> **TRY IT**
Copy out the entries below exactly as they stand, but only from the line containing "RENOVATED1 Storey Superlink" through the line containing "2022 Maruti New".

==============================

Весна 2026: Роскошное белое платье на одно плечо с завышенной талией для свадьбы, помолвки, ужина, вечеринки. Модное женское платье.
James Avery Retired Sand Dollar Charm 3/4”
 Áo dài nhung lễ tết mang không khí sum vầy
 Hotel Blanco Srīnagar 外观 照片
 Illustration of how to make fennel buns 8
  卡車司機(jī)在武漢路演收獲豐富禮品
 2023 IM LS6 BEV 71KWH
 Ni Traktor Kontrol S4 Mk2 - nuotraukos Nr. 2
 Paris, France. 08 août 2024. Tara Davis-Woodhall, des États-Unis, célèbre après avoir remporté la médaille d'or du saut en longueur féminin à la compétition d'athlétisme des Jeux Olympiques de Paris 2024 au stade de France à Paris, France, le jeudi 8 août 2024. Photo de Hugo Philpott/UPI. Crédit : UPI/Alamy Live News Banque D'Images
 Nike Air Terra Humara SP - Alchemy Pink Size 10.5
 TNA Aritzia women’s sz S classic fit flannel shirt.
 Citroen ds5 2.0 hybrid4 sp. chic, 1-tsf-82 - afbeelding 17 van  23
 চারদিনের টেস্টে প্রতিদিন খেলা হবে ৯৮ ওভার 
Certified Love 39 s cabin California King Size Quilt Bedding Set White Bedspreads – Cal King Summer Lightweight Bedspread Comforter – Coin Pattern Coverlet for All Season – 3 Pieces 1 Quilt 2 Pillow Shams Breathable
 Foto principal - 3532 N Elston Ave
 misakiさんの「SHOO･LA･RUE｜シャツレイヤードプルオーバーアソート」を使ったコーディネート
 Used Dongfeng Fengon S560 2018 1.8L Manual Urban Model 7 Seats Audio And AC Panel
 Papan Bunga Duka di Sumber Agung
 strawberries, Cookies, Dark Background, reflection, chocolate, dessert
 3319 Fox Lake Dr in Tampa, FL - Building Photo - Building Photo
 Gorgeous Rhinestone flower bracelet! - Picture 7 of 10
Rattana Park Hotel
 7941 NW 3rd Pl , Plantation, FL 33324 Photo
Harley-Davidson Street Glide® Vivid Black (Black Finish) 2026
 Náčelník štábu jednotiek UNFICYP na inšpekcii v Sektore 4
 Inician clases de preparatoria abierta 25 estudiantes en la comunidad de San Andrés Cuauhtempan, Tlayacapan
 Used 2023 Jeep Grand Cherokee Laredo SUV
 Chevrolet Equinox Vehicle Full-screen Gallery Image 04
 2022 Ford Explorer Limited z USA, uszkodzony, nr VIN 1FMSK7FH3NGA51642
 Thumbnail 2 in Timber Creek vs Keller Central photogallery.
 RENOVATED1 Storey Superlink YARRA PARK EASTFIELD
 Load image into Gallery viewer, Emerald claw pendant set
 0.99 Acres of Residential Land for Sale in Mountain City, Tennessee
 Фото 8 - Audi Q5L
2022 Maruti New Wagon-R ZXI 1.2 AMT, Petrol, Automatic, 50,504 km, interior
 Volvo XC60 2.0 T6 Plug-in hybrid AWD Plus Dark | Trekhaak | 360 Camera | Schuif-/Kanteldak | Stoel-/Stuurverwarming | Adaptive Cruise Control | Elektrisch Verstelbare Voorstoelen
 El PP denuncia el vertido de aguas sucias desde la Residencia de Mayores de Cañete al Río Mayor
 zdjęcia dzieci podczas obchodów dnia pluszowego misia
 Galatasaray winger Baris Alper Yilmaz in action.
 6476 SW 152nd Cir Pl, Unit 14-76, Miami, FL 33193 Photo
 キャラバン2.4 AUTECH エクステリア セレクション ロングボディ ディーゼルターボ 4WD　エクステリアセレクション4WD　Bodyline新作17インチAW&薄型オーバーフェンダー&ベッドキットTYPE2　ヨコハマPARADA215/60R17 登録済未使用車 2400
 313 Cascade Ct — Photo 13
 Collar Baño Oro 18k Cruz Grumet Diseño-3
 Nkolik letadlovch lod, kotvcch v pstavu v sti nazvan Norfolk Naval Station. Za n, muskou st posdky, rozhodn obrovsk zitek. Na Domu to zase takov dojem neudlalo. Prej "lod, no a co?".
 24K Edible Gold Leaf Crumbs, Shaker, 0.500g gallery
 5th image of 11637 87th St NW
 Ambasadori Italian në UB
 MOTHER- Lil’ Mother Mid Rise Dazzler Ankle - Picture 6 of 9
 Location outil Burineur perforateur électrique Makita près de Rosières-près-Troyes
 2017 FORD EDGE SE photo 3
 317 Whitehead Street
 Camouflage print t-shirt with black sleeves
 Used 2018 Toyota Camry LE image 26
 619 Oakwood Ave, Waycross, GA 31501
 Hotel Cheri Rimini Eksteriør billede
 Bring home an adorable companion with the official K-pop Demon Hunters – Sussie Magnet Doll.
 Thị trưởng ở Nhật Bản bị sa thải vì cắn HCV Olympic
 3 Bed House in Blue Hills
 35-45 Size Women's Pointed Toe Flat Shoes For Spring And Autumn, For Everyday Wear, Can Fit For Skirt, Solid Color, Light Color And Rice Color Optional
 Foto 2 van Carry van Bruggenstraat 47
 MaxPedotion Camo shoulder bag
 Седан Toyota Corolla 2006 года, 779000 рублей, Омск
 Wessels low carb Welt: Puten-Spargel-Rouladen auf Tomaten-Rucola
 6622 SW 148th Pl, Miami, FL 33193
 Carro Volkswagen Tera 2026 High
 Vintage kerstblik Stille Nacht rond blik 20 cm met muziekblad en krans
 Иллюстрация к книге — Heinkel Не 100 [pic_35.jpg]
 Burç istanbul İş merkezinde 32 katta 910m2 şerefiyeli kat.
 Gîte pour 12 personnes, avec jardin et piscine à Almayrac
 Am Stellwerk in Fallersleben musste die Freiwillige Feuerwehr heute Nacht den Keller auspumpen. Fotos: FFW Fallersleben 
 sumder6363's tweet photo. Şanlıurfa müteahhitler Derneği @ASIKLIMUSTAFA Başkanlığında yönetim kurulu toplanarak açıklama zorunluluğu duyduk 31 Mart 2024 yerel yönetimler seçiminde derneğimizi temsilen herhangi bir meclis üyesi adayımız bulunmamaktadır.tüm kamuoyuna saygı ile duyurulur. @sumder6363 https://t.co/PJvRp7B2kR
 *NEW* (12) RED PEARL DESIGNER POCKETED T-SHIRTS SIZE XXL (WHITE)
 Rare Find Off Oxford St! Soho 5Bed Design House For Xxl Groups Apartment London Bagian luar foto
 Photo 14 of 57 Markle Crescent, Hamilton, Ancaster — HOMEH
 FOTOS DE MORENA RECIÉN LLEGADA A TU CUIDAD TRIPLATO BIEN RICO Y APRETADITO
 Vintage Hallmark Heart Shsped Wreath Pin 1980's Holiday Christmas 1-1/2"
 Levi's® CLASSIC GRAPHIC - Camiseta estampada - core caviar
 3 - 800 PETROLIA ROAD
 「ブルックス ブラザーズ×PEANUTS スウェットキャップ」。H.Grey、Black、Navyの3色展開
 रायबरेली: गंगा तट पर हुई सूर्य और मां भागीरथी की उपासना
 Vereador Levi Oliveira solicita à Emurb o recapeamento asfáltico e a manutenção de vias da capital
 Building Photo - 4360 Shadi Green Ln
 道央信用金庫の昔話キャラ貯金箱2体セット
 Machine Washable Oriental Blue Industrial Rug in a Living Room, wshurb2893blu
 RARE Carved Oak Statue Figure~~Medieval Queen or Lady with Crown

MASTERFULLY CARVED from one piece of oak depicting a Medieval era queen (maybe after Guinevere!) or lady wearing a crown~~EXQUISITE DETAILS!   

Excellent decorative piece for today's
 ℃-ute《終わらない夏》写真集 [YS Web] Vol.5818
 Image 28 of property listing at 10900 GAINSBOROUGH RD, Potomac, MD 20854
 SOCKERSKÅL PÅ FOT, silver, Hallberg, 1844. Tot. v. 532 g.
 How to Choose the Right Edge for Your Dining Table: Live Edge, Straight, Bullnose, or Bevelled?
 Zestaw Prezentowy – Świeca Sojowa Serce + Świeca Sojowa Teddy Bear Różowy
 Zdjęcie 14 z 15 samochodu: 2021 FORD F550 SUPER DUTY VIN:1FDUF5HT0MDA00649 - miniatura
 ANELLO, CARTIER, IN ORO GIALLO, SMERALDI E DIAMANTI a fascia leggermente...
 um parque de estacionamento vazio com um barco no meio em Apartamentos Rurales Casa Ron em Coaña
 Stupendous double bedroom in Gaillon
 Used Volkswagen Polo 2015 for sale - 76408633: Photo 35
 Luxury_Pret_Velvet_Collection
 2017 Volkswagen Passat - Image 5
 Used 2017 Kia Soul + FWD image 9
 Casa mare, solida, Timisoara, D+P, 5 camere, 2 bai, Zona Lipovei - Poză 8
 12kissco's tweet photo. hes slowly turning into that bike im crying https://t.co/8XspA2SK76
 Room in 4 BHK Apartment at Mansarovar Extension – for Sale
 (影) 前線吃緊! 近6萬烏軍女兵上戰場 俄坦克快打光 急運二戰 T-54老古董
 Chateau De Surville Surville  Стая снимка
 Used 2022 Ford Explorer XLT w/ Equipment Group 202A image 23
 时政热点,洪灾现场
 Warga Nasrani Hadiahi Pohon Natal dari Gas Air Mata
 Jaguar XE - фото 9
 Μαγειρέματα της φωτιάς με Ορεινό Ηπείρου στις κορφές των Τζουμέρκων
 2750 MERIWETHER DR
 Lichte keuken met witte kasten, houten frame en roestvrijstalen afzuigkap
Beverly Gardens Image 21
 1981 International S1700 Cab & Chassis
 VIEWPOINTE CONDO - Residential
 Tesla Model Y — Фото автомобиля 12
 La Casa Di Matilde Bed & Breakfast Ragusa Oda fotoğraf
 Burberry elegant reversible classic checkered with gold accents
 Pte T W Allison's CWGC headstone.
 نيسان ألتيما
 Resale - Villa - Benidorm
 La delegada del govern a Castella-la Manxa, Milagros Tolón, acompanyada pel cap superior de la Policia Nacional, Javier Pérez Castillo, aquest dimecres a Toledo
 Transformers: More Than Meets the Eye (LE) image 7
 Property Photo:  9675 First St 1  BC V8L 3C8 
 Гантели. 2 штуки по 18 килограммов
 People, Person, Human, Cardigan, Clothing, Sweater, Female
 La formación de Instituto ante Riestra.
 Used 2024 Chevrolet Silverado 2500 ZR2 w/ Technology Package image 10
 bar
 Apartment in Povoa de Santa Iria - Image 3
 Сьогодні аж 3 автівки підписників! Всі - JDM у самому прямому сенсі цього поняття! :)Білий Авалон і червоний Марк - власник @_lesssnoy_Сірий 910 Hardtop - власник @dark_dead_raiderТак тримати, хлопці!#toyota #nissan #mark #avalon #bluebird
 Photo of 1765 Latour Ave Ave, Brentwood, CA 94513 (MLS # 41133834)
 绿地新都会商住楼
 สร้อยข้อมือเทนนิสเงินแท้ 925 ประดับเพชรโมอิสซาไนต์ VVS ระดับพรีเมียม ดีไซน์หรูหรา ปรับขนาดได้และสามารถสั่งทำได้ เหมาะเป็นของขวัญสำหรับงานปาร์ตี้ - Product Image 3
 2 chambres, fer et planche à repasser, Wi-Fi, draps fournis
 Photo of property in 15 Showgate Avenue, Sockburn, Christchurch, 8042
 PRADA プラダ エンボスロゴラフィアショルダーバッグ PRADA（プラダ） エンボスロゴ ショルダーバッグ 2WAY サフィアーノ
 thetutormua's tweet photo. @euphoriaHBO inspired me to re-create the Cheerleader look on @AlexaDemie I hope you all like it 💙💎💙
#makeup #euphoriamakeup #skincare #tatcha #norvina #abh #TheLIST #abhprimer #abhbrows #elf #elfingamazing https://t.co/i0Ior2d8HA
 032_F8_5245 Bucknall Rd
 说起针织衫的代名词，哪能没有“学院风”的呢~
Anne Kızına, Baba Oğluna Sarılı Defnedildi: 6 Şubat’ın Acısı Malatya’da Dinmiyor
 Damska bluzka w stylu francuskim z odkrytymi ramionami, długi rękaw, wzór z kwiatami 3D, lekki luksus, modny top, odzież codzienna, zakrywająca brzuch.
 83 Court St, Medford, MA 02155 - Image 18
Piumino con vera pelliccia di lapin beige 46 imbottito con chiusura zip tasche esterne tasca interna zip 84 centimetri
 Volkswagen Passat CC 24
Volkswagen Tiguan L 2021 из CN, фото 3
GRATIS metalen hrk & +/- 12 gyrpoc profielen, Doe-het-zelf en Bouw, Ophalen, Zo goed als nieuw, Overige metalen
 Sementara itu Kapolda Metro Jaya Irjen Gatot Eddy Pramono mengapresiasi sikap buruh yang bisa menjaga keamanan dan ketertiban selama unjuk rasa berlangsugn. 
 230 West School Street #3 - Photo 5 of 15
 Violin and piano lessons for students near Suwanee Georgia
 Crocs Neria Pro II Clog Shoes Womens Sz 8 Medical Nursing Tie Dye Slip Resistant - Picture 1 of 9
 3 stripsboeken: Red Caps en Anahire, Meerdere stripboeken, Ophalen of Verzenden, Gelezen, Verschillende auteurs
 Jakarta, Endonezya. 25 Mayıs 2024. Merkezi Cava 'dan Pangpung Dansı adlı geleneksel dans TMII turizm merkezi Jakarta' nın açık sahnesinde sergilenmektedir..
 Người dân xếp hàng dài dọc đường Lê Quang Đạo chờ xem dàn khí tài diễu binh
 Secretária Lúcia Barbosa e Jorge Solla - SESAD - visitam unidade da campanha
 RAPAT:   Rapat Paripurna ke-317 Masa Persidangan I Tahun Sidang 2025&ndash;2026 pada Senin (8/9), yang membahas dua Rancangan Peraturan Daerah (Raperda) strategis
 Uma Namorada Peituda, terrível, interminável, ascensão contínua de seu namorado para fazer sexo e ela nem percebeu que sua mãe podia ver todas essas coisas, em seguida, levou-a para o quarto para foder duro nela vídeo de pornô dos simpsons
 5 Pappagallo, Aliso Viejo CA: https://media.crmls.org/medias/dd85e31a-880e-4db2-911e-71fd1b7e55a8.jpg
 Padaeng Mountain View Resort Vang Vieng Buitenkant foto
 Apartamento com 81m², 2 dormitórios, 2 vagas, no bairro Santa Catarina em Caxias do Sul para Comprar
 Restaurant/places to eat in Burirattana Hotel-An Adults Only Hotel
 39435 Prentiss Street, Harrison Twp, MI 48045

==============================

> **ANSWER BELOW**
 RENOVATED1 Storey Superlink YARRA PARK EASTFIELD
 Load image into Gallery viewer, Emerald claw pendant set
 0.99 Acres of Residential Land for Sale in Mountain City, Tennessee
 Фото 8 - Audi Q5L
2022 Maruti New Wagon-R ZXI 1.2 AMT, Petrol, Automatic, 50,504 km, interior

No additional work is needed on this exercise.